A general contractor was added to a general liability policy that covered a sub-contractor it hired to perform roofing work for a theater that was part of a theater and mall complex. The roof developed serious leaks and the general contractor was obligated to redo the work. The general contractor sued the sub’s insurer when its attempt to recover the cost of the repair work was denied. A lower court found in favor of the general contractor and the sub-contractor’s insurer appealed that expensive decision.

Here is how the higher court viewed a finding that the general contractor, as an additional insured, was protected against its sub-contractor’s faulty work.

Double AA Builders (AA) was the general contractor hired by Harkins Theater to build a theater complex. AA hired Anchor Roofing Inc. (Anchor) as a subcontractor to build the complex’s roofing system. At the time it completed the roof, Anchor’s general liability protection was provided by Preferred Contractors Ins. Co., (Preferred). At Anchor’s request, AA was added as an additional insured with regard to the roofing project. AA had its own general liability coverage provided by Westfield Ins. Co.

Harkins asked AA to replace the roof which had developed leaks, driving theater customers away and damaging the work of other complex subcontractors. AA, after replacing the roof system, sought coverage from Westfield, Anchor and Preferred. Westfield settled with AA. AA and the other parties filed cross motions on the additional amount of AA’s coverage request. After a court ruled in favor of AA, Anchor and Preferred appealed.

Upon appeal, the court reviewed the basis on which the lower court decision was made. It ended up disagreeing with the result.

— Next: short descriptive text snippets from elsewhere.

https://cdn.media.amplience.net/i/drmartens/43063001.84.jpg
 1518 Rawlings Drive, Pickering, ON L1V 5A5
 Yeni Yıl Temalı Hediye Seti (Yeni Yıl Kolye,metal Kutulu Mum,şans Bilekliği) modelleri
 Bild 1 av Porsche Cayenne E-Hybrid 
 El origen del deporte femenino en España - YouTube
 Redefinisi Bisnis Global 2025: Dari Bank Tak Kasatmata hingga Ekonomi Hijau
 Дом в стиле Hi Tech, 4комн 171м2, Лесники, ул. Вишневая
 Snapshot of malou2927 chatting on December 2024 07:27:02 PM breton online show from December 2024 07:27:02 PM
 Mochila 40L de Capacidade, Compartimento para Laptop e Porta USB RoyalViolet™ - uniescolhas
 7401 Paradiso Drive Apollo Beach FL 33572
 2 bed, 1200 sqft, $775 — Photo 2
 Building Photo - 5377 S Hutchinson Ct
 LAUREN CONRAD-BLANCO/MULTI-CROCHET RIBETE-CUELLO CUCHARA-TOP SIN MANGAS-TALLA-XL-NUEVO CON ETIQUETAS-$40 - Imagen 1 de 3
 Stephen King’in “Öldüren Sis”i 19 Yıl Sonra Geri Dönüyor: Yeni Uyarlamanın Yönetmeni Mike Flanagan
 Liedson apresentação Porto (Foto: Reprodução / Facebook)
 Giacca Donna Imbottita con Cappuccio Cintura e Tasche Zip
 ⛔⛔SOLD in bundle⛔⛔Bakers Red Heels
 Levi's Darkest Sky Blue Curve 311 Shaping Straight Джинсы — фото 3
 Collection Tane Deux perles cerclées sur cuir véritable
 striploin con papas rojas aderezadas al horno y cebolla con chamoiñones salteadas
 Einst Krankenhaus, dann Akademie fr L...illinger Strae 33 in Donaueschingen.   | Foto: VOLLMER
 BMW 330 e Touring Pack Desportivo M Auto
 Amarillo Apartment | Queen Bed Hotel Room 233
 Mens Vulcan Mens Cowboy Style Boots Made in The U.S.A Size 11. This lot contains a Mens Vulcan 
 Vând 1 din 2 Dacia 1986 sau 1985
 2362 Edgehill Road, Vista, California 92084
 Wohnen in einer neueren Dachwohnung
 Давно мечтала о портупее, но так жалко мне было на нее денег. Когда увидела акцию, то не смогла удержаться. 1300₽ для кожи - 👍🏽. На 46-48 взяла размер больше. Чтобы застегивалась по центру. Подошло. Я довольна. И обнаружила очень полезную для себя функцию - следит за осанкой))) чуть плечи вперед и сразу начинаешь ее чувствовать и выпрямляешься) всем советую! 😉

The higher court focused on whether AA’s additional insured status under Anchor’s general liability policy allowed it to rely on being reimbursed for the cost of dealing with the consequences of Anchor’s defective, completed work. Preferred’s policy language included both a completed work exclusion as well as an exception for work of subcontractors. The court’s examination included consideration of the policy wording that put the completed work exclusion aside for work performed on its behalf by subcontractors. The lower court decided that the exclusion was inapplicable, so coverage was granted. The higher court considered conclusions reached in other cases that it felt were relevant.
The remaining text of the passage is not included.